Hitachi: It's got an ultra short-throw projector, ideal for classrooms and other tight spaces. The CP-A100 is rated at 2,500 lumens with XGA resolution. Image size is about 60 inches with a throw of 1.4 feet. The lamp access is through the top of the projector and it's fully LAN-enabled.

Samsung: The company grabbed everyone's attention in the Central Hall with a videowall made up of 40 UX-series 46-inch 1080p LCD monitors, using super-thin 11-millimeter bezels. The controlling software, which was originally developed at the University of California-Irvine, comes from Hyperwall and employs a powerful command set language that can work with virtually any number of connected displays.

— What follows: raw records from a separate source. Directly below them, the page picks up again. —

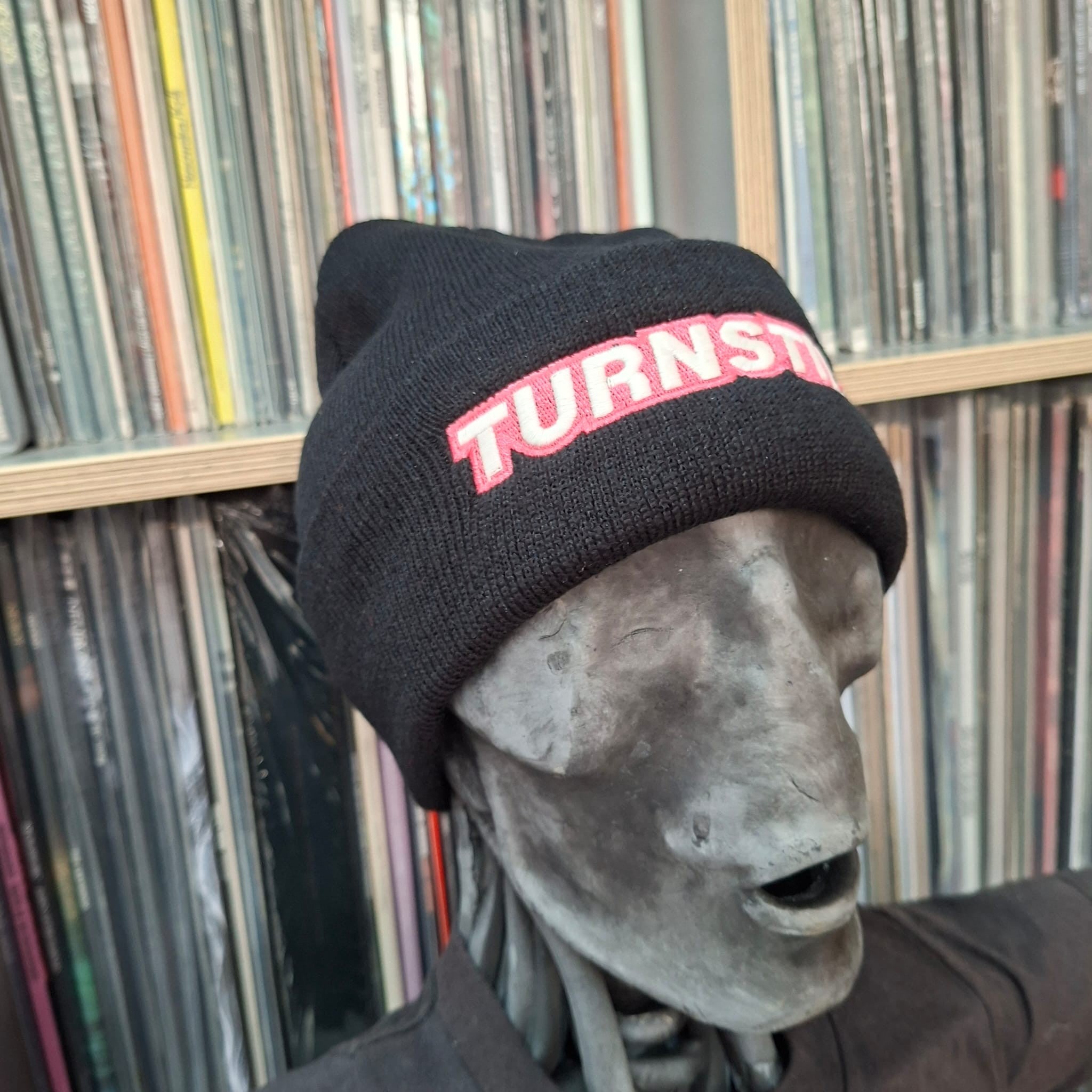 turnstile-logo-bonnet-noir-phosphorescent-brod image 3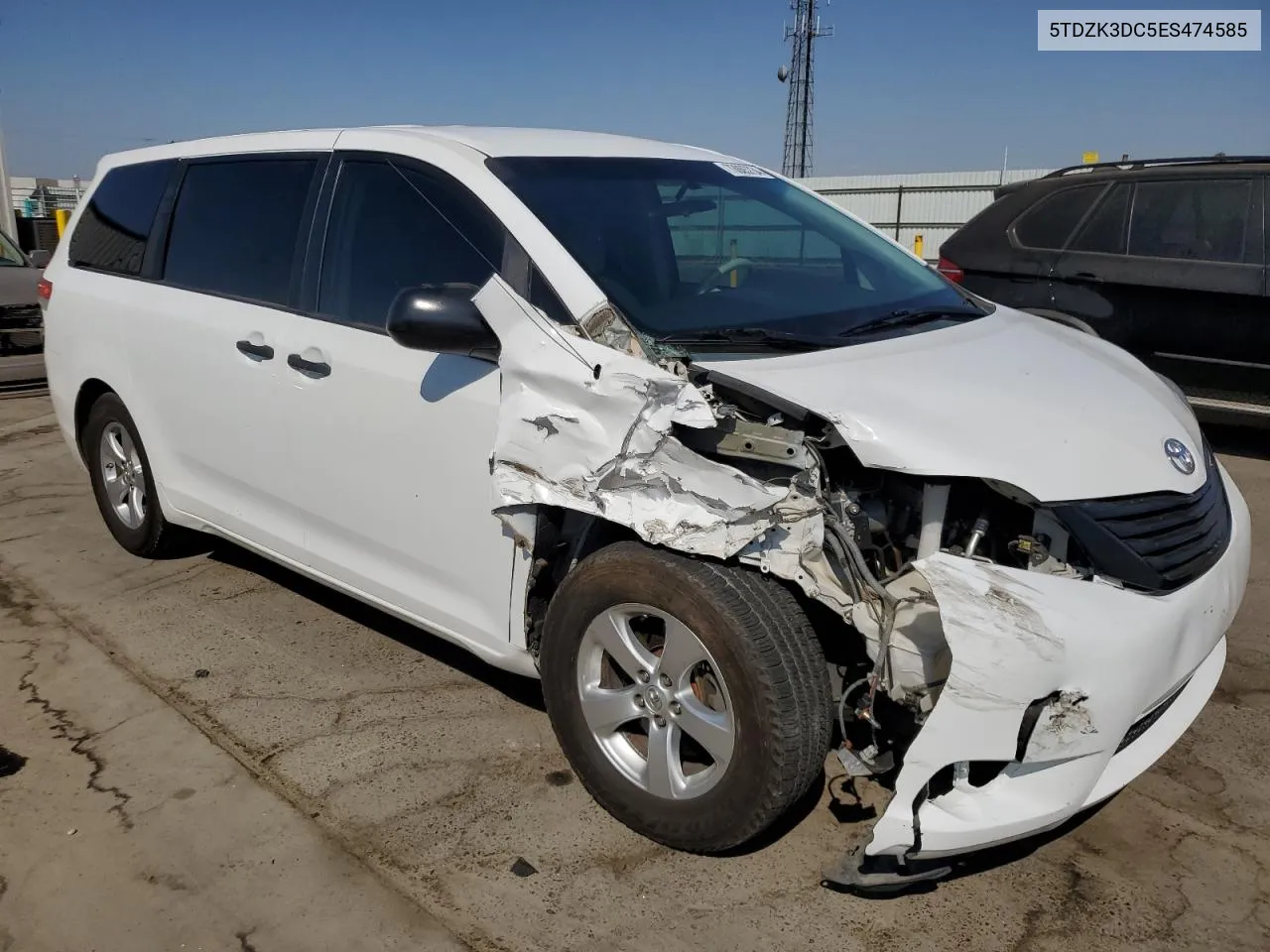 5TDZK3DC5ES474585 2014 Toyota Sienna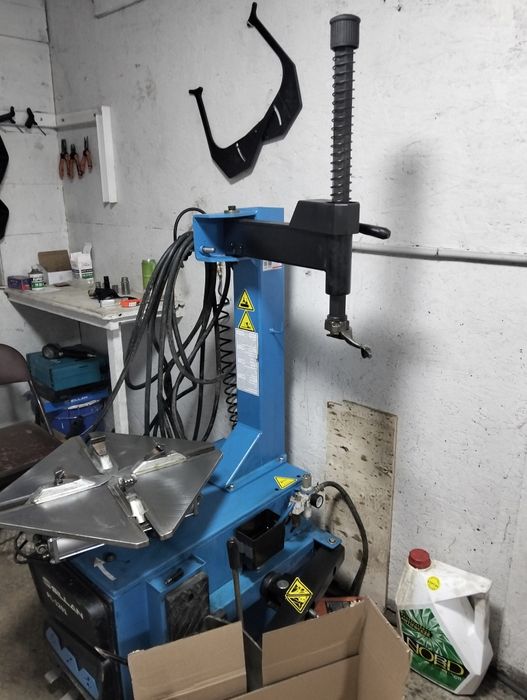 Продам шиномонтаж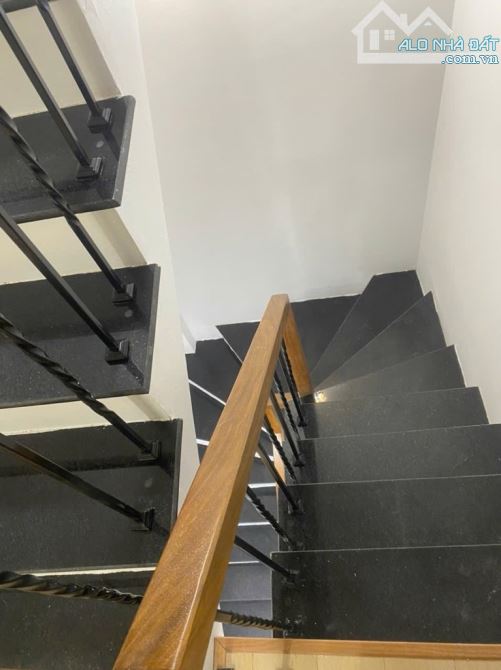 Bán nhà Kim Mã mặt ngõ thông nhà vuông vắn 2 thoáng 28m 5 tầng giá 7.8 tỷ full nội thất xị - 3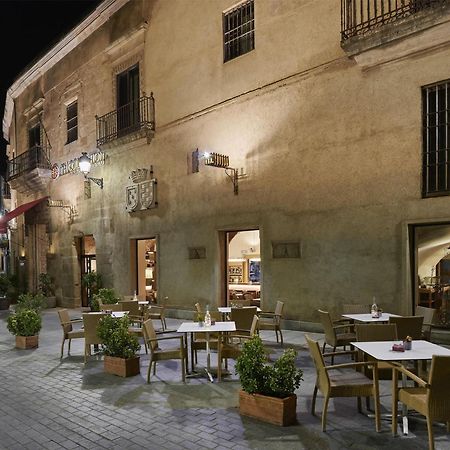 Nh Collection Caceres Palacio De Oquendo Exterior photo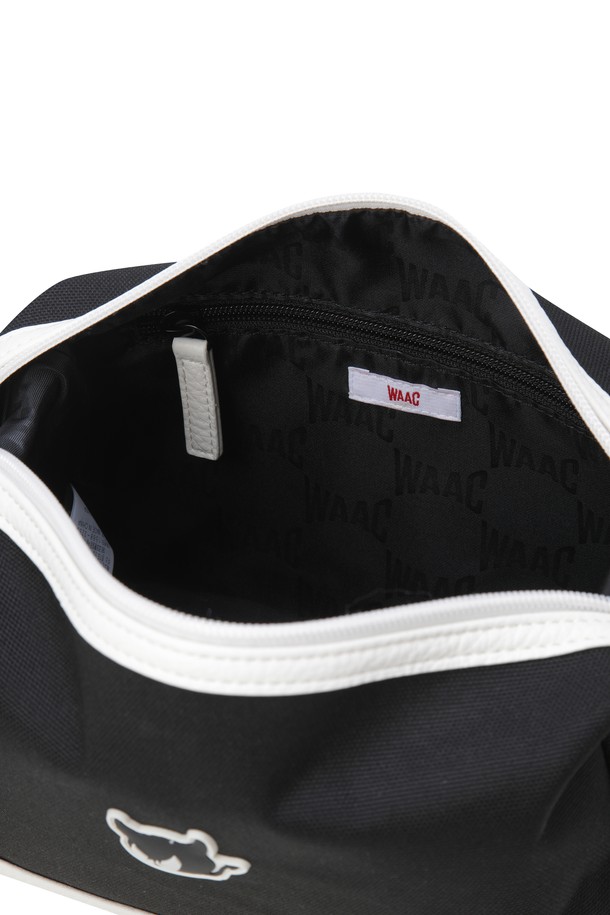 WAACKY(와키) 골프 파우치는 클래식하고 미니멀한 스타일을 추구하는 골퍼를 위한 필수 아이템입니다. 블랙, 화이트 두 가지 컬러로 출시되었으며, 부드러운 가죽 소재와 사각 형태의 디자인이 특징입니다. 외부에는 조직감 있는 가죽 배색, 내부에는 분리 포켓으로 실용성을 더했으며, 뒷면 지퍼 포켓으로 수납력을 높였습니다. 가볍고 컴팩트한 미디엄 사이즈로 골프 라운딩 시 편리하게 사용할 수 있으며, WAACKY(와키) 브랜드 로고 장식으로 포인트를 더했습니다.
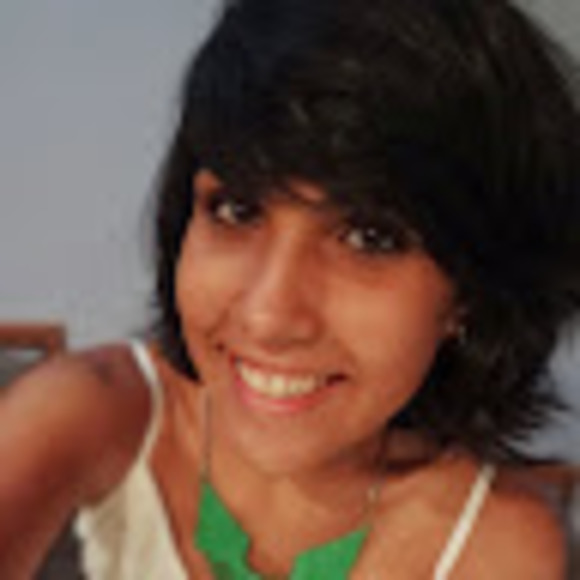 Meet your Posher, Jessica - Picture 1 of 1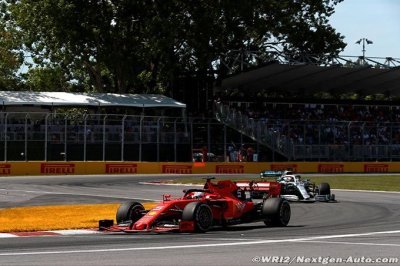 Vettel a essayé de creuser un écart de 5 secondes, mais a dû économiser de l’essence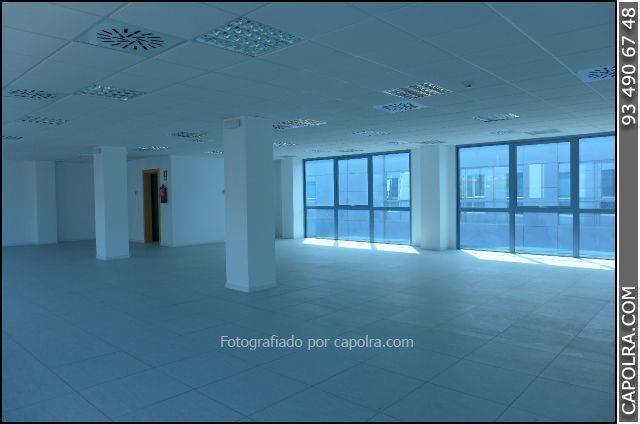 Oficina en Alquiler en frederic mompou en Centre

Optoma: It was the first to show a commercialized pico projector, which was out for inspection in Texas Instrument's DLP booth. The Pico projector is slightly smaller than an iPhone and had a reasonably bright image on a small screen in the booth. Some folks have high expectations for this market, particularly all-in-one handheld phone/PDA/projector products.

Pioneer: Guess what? KURO's not just for home theater enthusiasts anymore. Pioneer had a private display of its new 50- and 60-inch KURO plasma monitors, tricked out for systems integration applications with a much more user-friendly and powerful set-up and calibration graphical user interface (GUI). (You don't have to push four buttons on the remote at once anymore while standing on your head and whistling Beethoven's Ninth backwards to access them, either.)

NEC: Can you really get WXGA resolution, wireless and wired LAN connectivity, Silicon Optix HQV Reon image processing, and 2,000 lumens in an LCD projector for just $1,299? NEC says so with its NP901W. And while you're at it, XGA resolution and 3,000 lumens (the NP905) will add just $700 more to the bill. Amazing.

Finally, I simply have to mention Liberty Wire and Cable's new DigitaLinx HDMI over coax delivery system, which converts HDMI video and audio signals to a 4-wire format compatible with existing RGBHV/RGBS wiring. To quote the Firesign Theater, “Forward—into the past!”